TDX introduces a new CPU mode called Secure Arbitration Mode (SEAM)
and a new isolated range pointed by the SEAM Ranger Register (SEAMRR).
A CPU-attested software module called 'the TDX module' runs in the new
isolated region as a trusted hypervisor to create/run protected VMs.

TDX also leverages Intel Multi-Key Total Memory Encryption (MKTME) to
provide crypto-protection to the VMs.  TDX reserves part of MKTME KeyIDs
as TDX private KeyIDs, which are only accessible within the SEAM mode.

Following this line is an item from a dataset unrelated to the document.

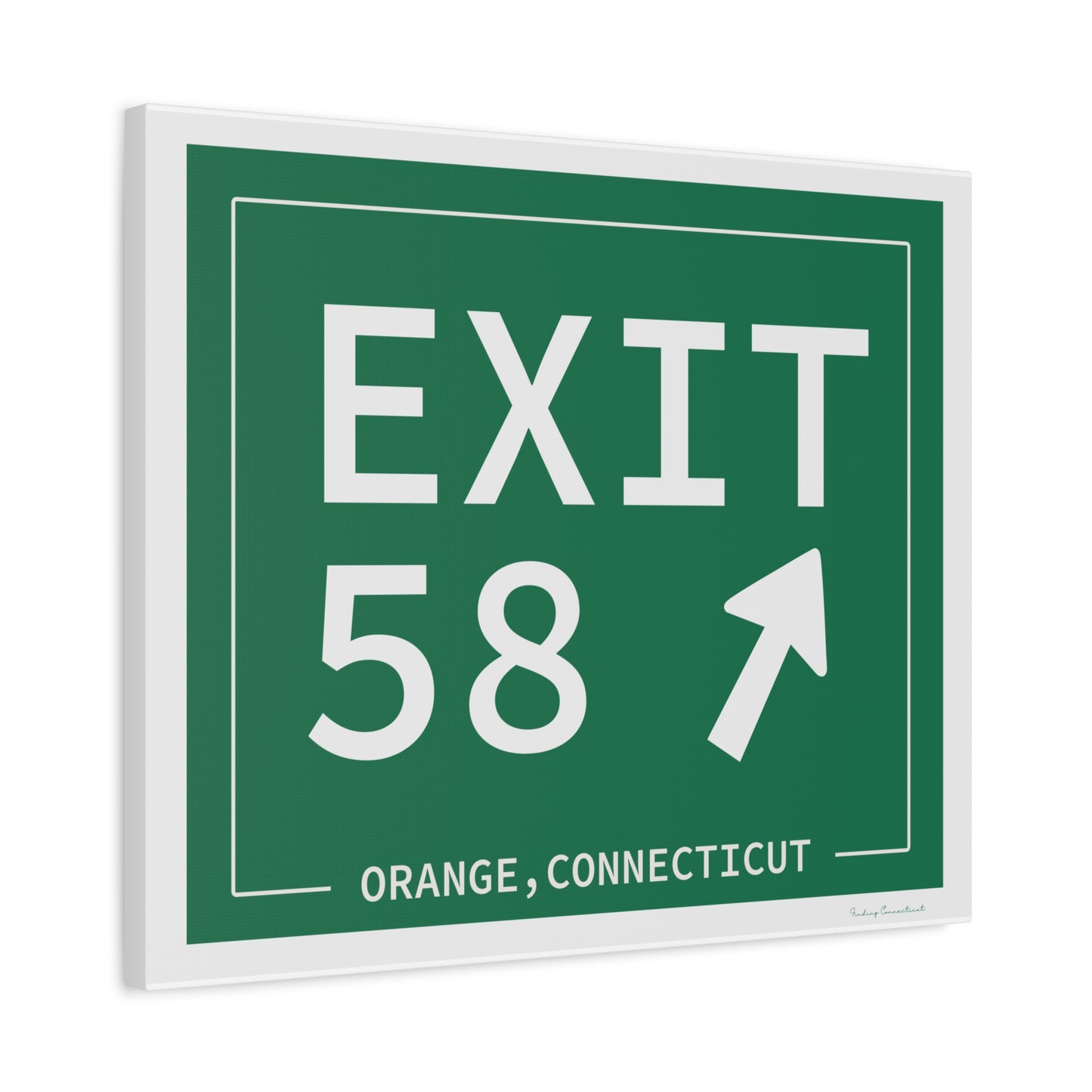 Vintage Exit 58 WCP Sign Matte Canvas, Stretched, 1.25"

TDX is different from AMD SEV/SEV-ES/SEV-SNP, which uses a dedicated
secure processor to provide crypto-protection.  The firmware runs on the
secure processor acts a similar role as the TDX module.

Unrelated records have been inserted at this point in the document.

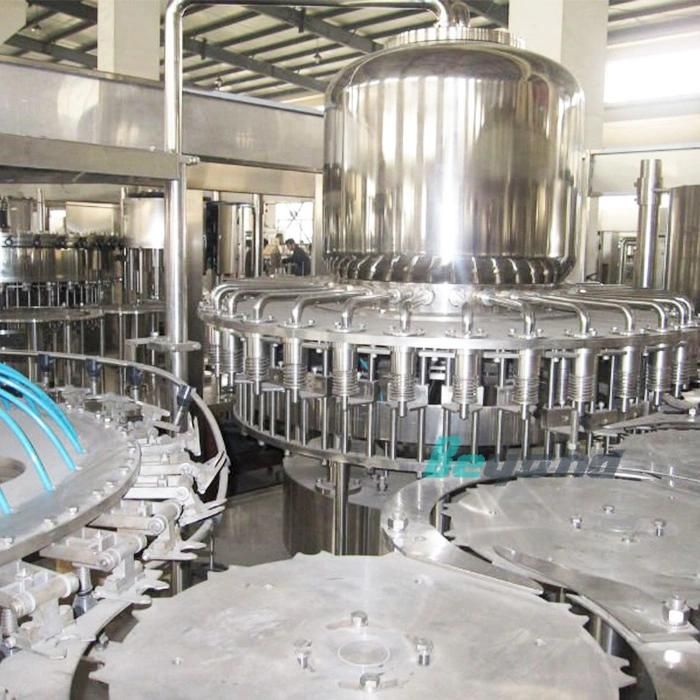 Automatic Pulp Fruit Juice Filling 4-in-1 Machinery with Ce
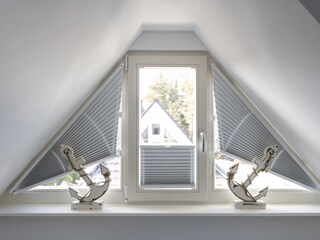 Detail Schlafzimmer im Spitzboden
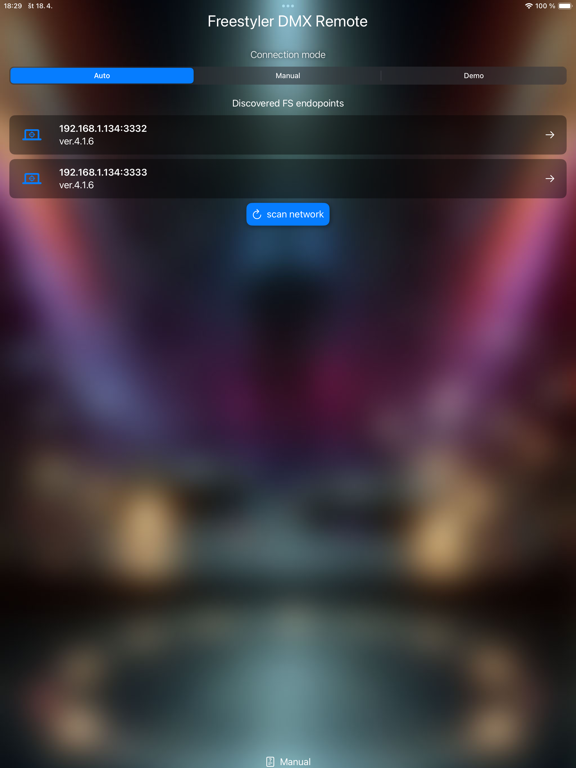 Screenshot #4 pour FreeStyler Dmx Remote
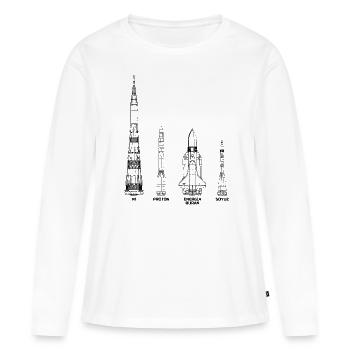 Missiles Union soviétique Russie - T-shirt manches longues Premium bio Femme - blanc - Devant - Julia (174cm)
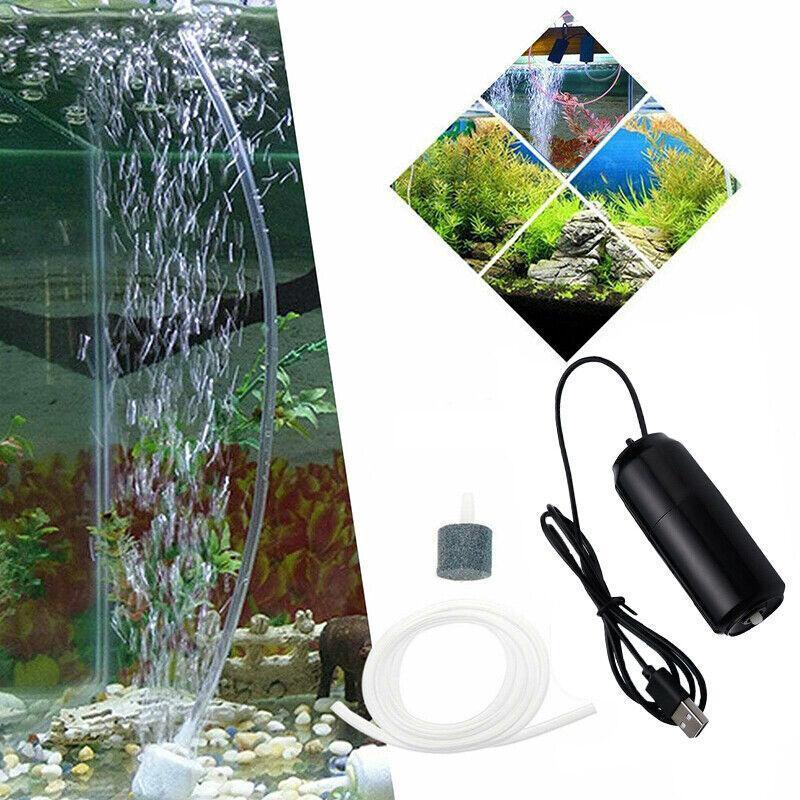 USB Aquarium Mini Oxygen Pump 8.5 x 3cm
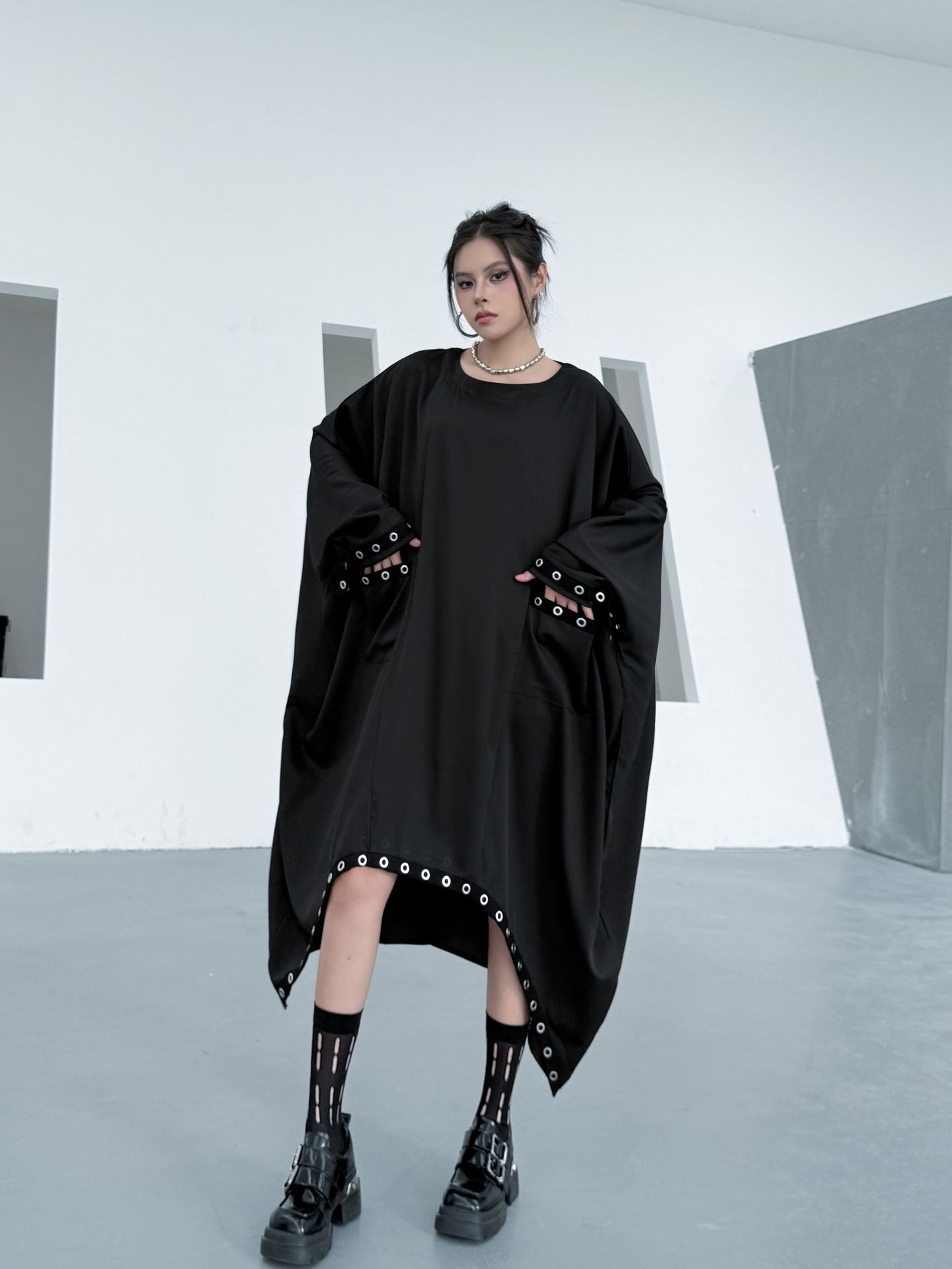 Chic Styles and Comfort in long sleeve curvy women dress for Trendy Women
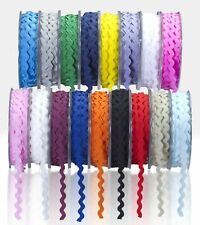 RIC RAC Ribbon Braid Trimming Reel Rolls 20 Metre 6mm Sewing Wedding Decor Craft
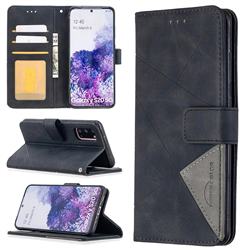 Binfen Color BF05 Prismatic Slim Wallet Flip Cover for Samsung Galaxy S20 / S11e - Black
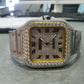 Ice Bezel Cartier Watch.  customdiamjewel   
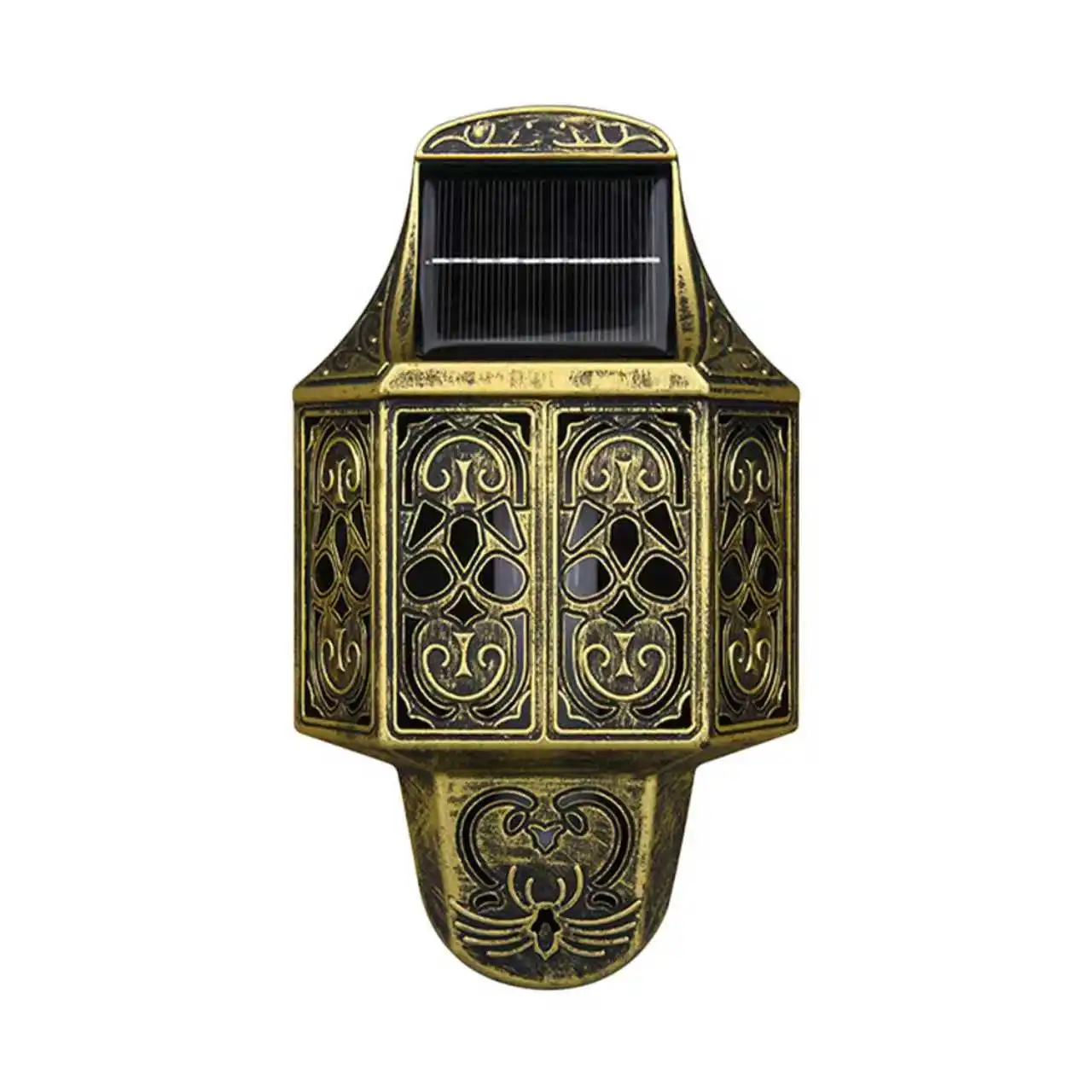 

Наружные солнечные настенные светильники в марокканском стиле для наружного украшения Хэллоуина/Рождества, подходят для садов, террасов, крыльев и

The host kernel communicates with SEAM software via a new SEAMCALL
instruction.  This is conceptually similar to a guest->host hypercall,
except it is made from the host to SEAM software instead.

Before being able to manage TD guests, the TDX module must be loaded
and properly initialized.  This series assumes the TDX module is loaded
by BIOS before the kernel boots.

How to initialize the TDX module is described at TDX module 1.0
specification, chapter "13.Intel TDX Module Lifecycle: Enumeration,
Initialization and Shutdown".

== Design Considerations ==

1. Initialize the TDX module at runtime

There are basically two ways the TDX module could be initialized: either
in early boot, or at runtime before the first TDX guest is run.  This
series implements the runtime initialization.

This series adds a function tdx_enable() to allow the caller to initialize
TDX at runtime:

        if (tdx_enable())
                goto no_tdx;
	// TDX is ready to create TD guests.

This approach has below pros:

1) Initializing the TDX module requires to reserve ~1/256th system RAM as
metadata.  Enabling TDX on demand allows only to consume this memory when
TDX is truly needed (i.e. when KVM wants to create TD guests).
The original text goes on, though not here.